我父親畢業於黃埔軍校第八期,原是國民黨第七軍司令部上校參謀,1954年從中南軍政大學歸隱南寧,黃埔同學會會員。按理說也是個統戰對象吧!但他們的權益為什麼法律就不保護呢?我想如果當年老先生不是歸隱南寧,而是歸隱台灣,並且被當今政府拜為台灣同胞時,也許會得到一個公證的判決。

從1990年到現在我們從村政府到廣西南寧地區扶綏縣人民法院、廣西南寧地區人民法院、廣西壯族自治區高級人民法院,該找的地方都找了,共產黨的“官”見了,“管”國民黨的官也見了,該用的法子都用了,唯一沒有使用的方法就是“錢”,這個法子也許能靈,但我們太相信法律了,不甘心,結果也就是這樣,比我們想象的要可悲得多。

法院作為公證的化身已在我們的記憶中消失。我們還能向那裏討公道呢?十多年來的顛波使我對權、法、錢的關係更加摸糊了,不知道那一個是對的,那一個是錯的。

人們也許永遠都不能把那些製造冤、假、錯案的“庸俗法官”推上被告席,但是每個經歷過被“庸俗法官”愚弄的人,都可以把他們的經歷告訴周圍的人們仍至遙遠海外的老同學、老同事、老同胞,讓他們心理有所凖備,在和“那種人”打交道時不至於被傷害得那麼重。
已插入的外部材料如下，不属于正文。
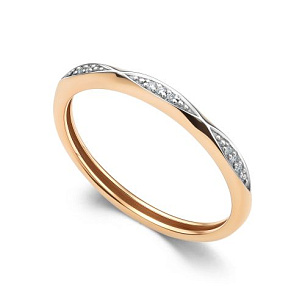 Кольцо из красного золота с бриллиантом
我作為一個受害者,把這十多年來的辛酸告訴大家,除了希望能夠得到你們的幫助,旨在提醒那些準備打類似民事官司的人們,千萬要三思,要不花了人力財力還得受一肚子氣。

順附兩份判決書,我盼望能夠早日討回公道、還我人身安全、還我合法權益!

鄧彥芳
地址:廣西南寧市華東路39號十棟202號
郵編:530011
電話:0086-771-2422387(//www.dajiyuan.com)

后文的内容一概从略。